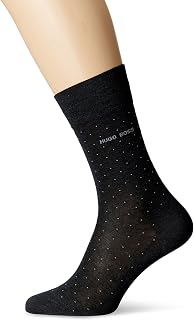 BOSS Men's Micro Dot Mercerized Cotton Socks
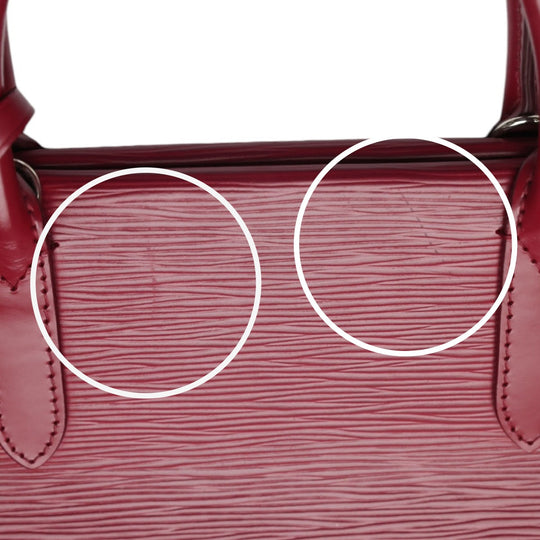 LOUIS VUITTON Handbag M94615 Epi Leather Fuchsia 2 way bag Epi Marley MM Women Used Authentic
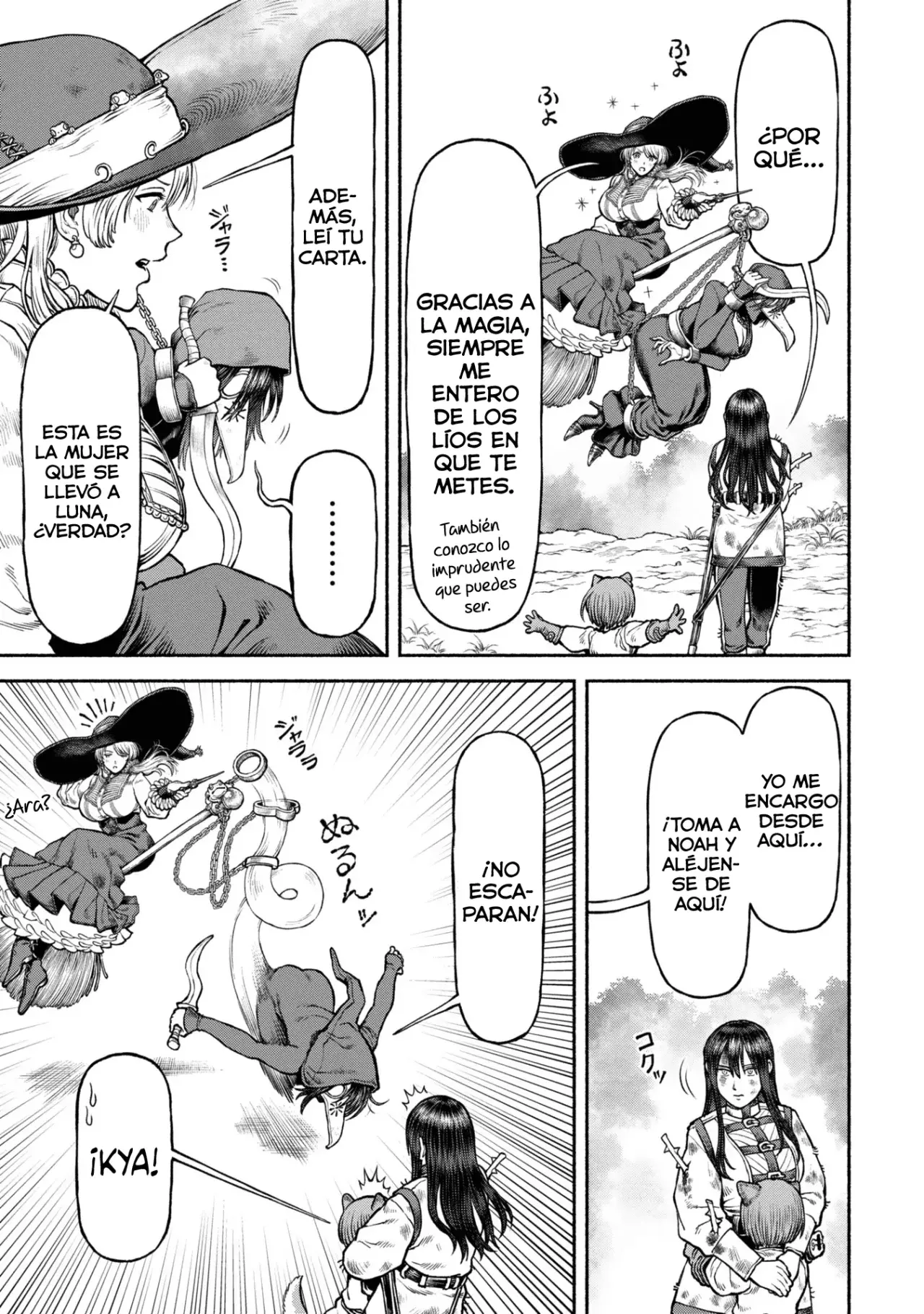Onna Kishi to Kemomimi no Ko capítulo 43 página 9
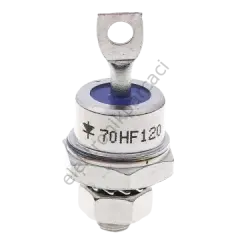 70 Amper Vidalı Diyot Thyrex 70A 1200V VİDALI DİYOT (70HF120)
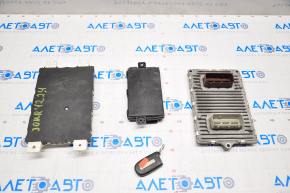 Modulul de control al caroseriei BCM cu cheie pentru Dodge Journey 11- cu blocul ECU 05150776AB, blocul KEYLESS 68214570AB, cheie fără pană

__________

Copy out the entries verbatim, but skip every picture.

 BOSS Men's Micro Dot Mercerized Cotton Socks
 LOUIS VUITTON Handbag M94615 Epi Leather Fuchsia 2 way bag Epi Marley MM Women Used Authentic
Onna Kishi to Kemomimi no Ko capítulo 43 página 9
 70 Amper Vidalı Diyot Thyrex 70A 1200V VİDALI DİYOT (70HF120)
 Modulul de control al caroseriei BCM cu cheie pentru Dodge Journey 11- cu blocul ECU 05150776AB, blocul KEYLESS 68214570AB, cheie fără pană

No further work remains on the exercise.